While wondering what good poison ivy does, I ran across this website: mailto:http://www.wildmanstevebrill.com/Plants.Folder/Poison%2520Ivy.html which did say that if you’re crazy and eat it, it could kill you, but didn’t say the only thing I thought maybe poison ivy was good for—making oxygen for us to breathe—and that confused me. Doesn’t every green plant make oxygen? Now Wildman Steve has a phone number I could call, but from the looks of his resume I doubt I would get to talk to the Wild one himself. He has done everything in every possible field of endeavor from science to art to chess tournaments. He doesn’t look that old in the photos on his website. I guess his youthful appearance comes from all the outdoor activities, what with searching for free edible wild food in the woods and Central Park to taking kids on birthday hikes and stuff. Walking and eating healthy they say are the way to keep fit. It appears to be working for Wildman. It is too bad I didn’t pay more attention when I was a kid about things like that.
Oh, I knew about some wild things both good and bad. I definitely knew not to touch poison ivy. I am one of the 4 out of 5 people that are allergic to it. I knew early on what it looked like and not to touch its leaves or its vines any time of the year. I lived in the woods. It was everywhere. Apparently our woods were not old growth woods where according to the Man it doesn’t grow. And apparently our woods had lots of carbon dioxide where it grows more abundantly according to a Duke University study quoted by the Wild guy. I don’t guess he or the researchers ever got to our 10 acres of woods on Tooles Bend Road, but I could have shown them some major poison ivy vines. Most of the kids in my neighborhood were just as cautious of the stuff as I was, but there was this one girl who said she wasn’t allergic to it. None of us believed her. We didn’t know there was one in 5 who were somehow immune. She bragged and bragged about being able to touch it and we scoffed until one day she said, “I’ll show you!” and she picked it and ate it right there in front of us.
It is too bad for her that Wildman Steve Brill hadn’t grown up to be the Wildman he is today because if she could have read his article, she would have known that if you push it too far, you can get un-allergic! That is right. That girl ended up in the hospital. Her insides were allergic like crazy! Fortunately, she didn’t die like some of the people the Wildman told about in his book. You should really read that part I linked up there. Poison ivy is nothing to play around with.
But there are some really good things in the wild, if you know what they are. My daddy knew a lot about them and I should have paid better attention. There were blackberries, wild strawberries, black walnuts, muscadines, persimmons, and poke. Those were the easy ones, the ones we could eat and I did because they were delicious. You did have to get them at their peak and not before or after.

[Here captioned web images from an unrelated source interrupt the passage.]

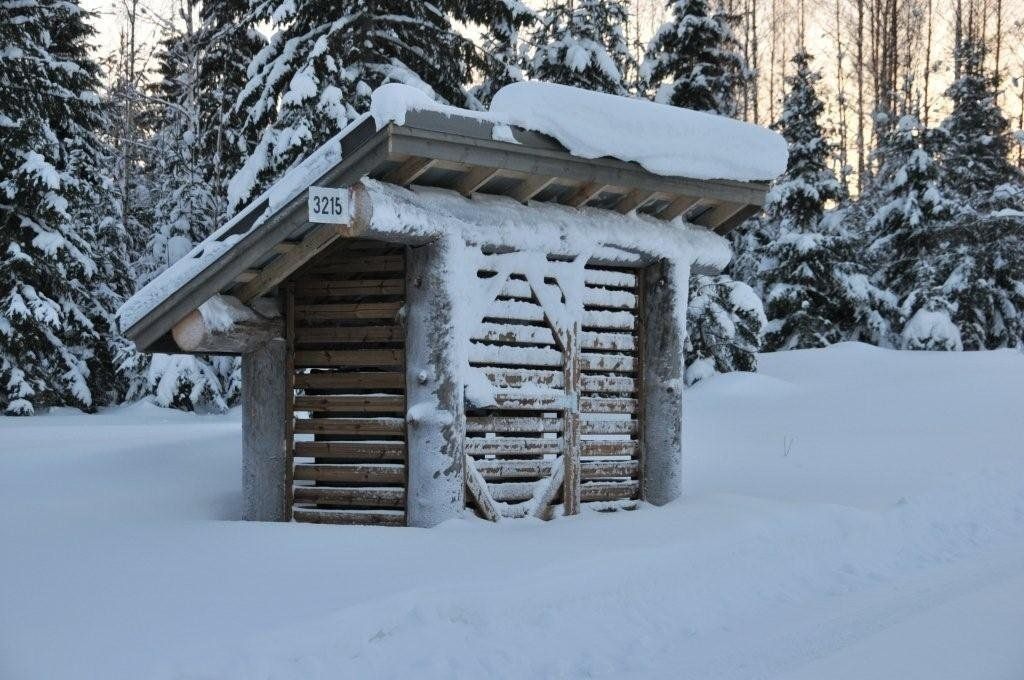 Roskakatokset - Kelorakennus Puustinen Oy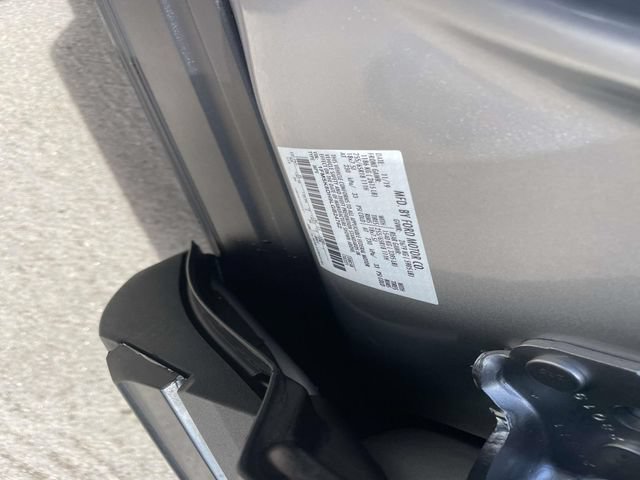 Used 2020 Ford Explorer XLT AWD/4WD image 24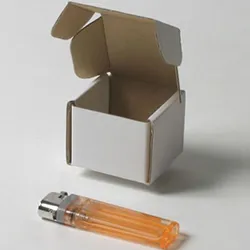 食品玩具（食玩）などの小型おもちゃ梱包用ダンボール箱 | 45×45×40mmでN式額縁タイプの箱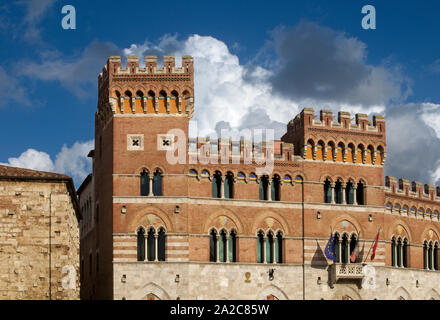 Palazzo Aldobrandeschi (Palazzo della Provincia) dans la région de Grosseto, Toscane, Italie Banque D'Images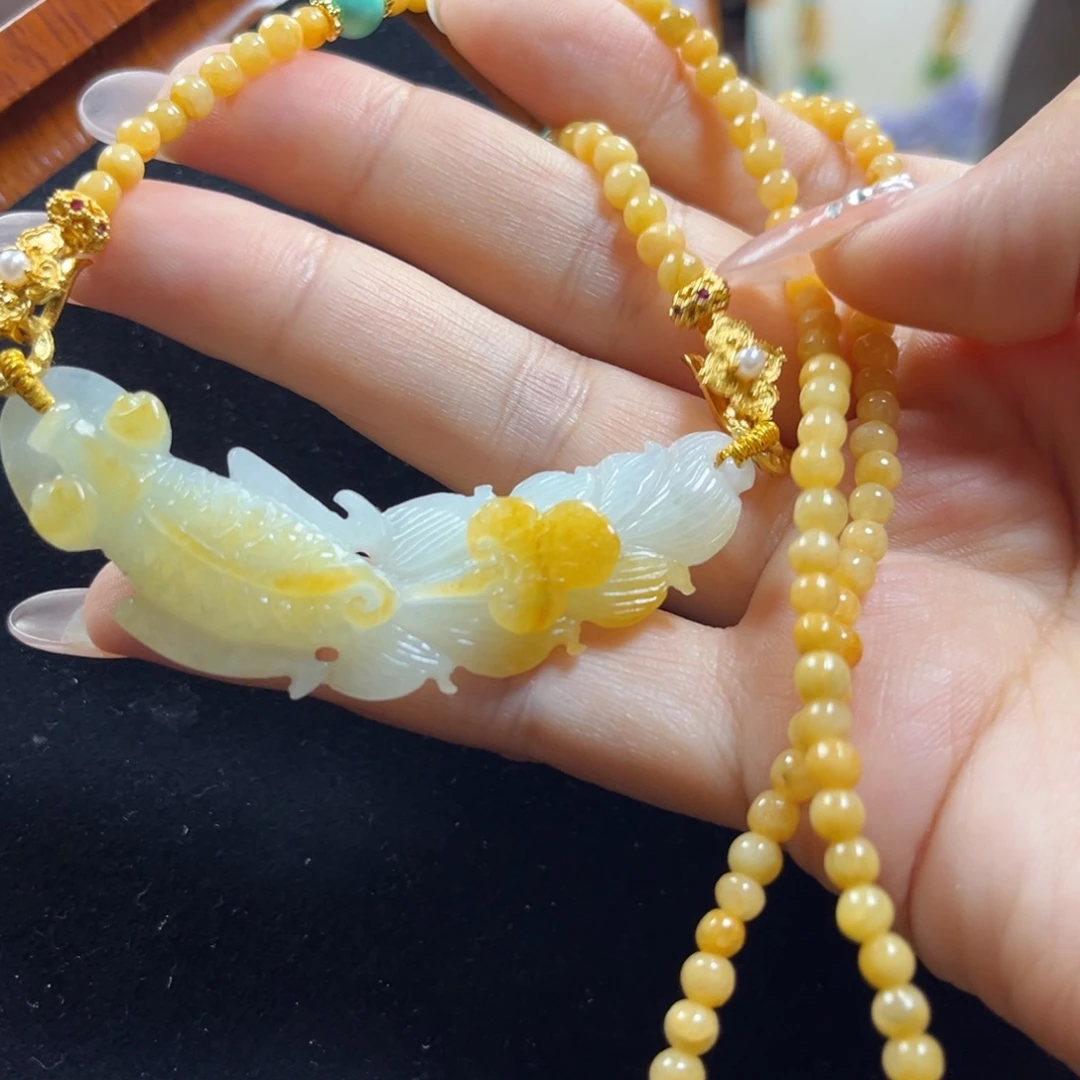 翡翠未镶嵌吊坠(赠链)锦鲤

Before, the persimmons would pucker your mouth closed shut for days. After, some parts of the pokeweed would poison you. You had to be careful with wild stuff. But there were other things I didn’t take notice to when Daddy took me for walks—at least not the close kind of notice you ought to if you’re going to remember what to eat or drink that’s wild and not poison. There were rat’s vein and sassafras for example. Wish I had listened more about them. It was something about teas to make for ailments of some sort, but I wasn’t sick and didn’t expect to need to know that, I guess. Wouldn’t it be nice if I could take another walk in the woods with my Daddy. Today I’d know to pay better attention.
Since I can’t, I am really glad the Wildman has written his book. Maybe there’s hope for me after all. And what about the oxygen I thought all green stuff makes for us—even poison ivy? I’m going back and read that link again. Could be I wasn’t paying as close attention as I thought I was!